Tiga Pengelola DTW Berbasis Masyarakat Berharap Pemerintah Segera Buka Pariwisata Bali
(Baliekbis.com), Tiga pengelola daya tarik wisata dengan pola community based tourism di Bali berharap agar pemerintah segera membuka pariwisata Bali kembali sehingga mereka bisa mengoperasikan kembali daya tarik wisata mereka yang sudah tutup selama dua bulan lebih dan tidak mendapat income sama sekali. Begitu Gubernur Bali mengeluarkan ketentuan dibuka, mereka siap untuk beroperasi kembali dengan menerapkan protokol normal baru.
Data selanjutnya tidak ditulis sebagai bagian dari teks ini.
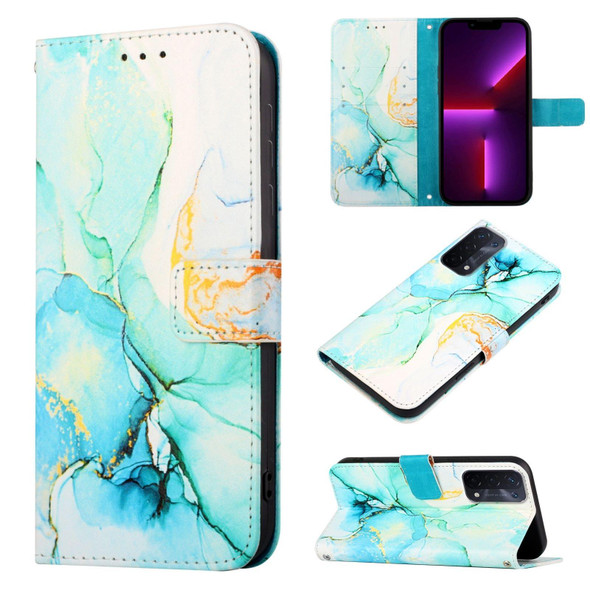 OPPO A54 5G / A74 5G / A93 5G PT003 Marble Pattern Flip Leather Phone Case(LS003)
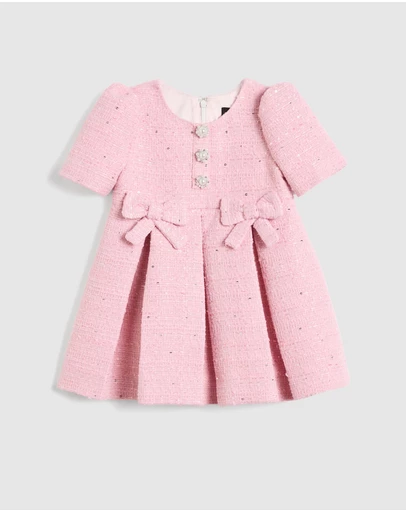 Bardot Junior - Trinity Boucle Dress - Babies-Kids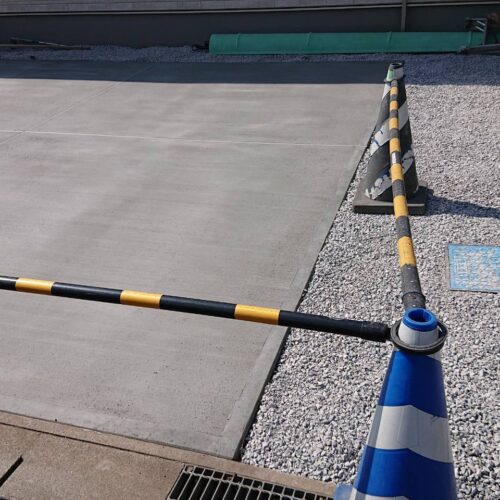 脱枠作業です。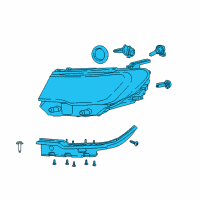 OEM 2017 Jeep Compass Headlamp Diagram - 55112707AF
Harapan agar pemerintah membuka izin operasi daya tarik wisata itu muncul dalam website seminar (webinar) 2 Pusat Unggulan Iptek Pusat Unggulan Pariwisata Lembaga Penelitian dan Pengabdian kepada Masyarakat (PUI-PUPAR LPPM) Unud, Sabtu (1/6) sore. Webinar bertajuk “Strategi CBT di Bali Menghadapi Pandemi COVID-19” dibuka Rektor Unud Prof. Dr. dr. A.A. Raka Sudewi, SP.S(K) dan menghadirkan tiga pengelola CBT sebagai narasumber: Komang Adi Wiryathana (Manajer DTW Monkey Forest Ubud), Drs. I Nyoman Mesir (Manajemen DTW Pantai Pandawa), dan I Nengah Sutirtayasa, SE.
Webinar dipandu oleh peneliti senior PUPAR Unud Prof. Dr. I Nyoman Darma Putra, M.Litt. dan diikuti oleh lebih dari 260-an peserta webinar yang berasal dari berbagai daerah seperti Papua, Sulawesi, Lombok, Kalimantan, Jawa, dan Sumatera. Acara dilangsukan lewat aplikasi zoom dan sebagian mengikuti melalu channel Youtube Udayana TV.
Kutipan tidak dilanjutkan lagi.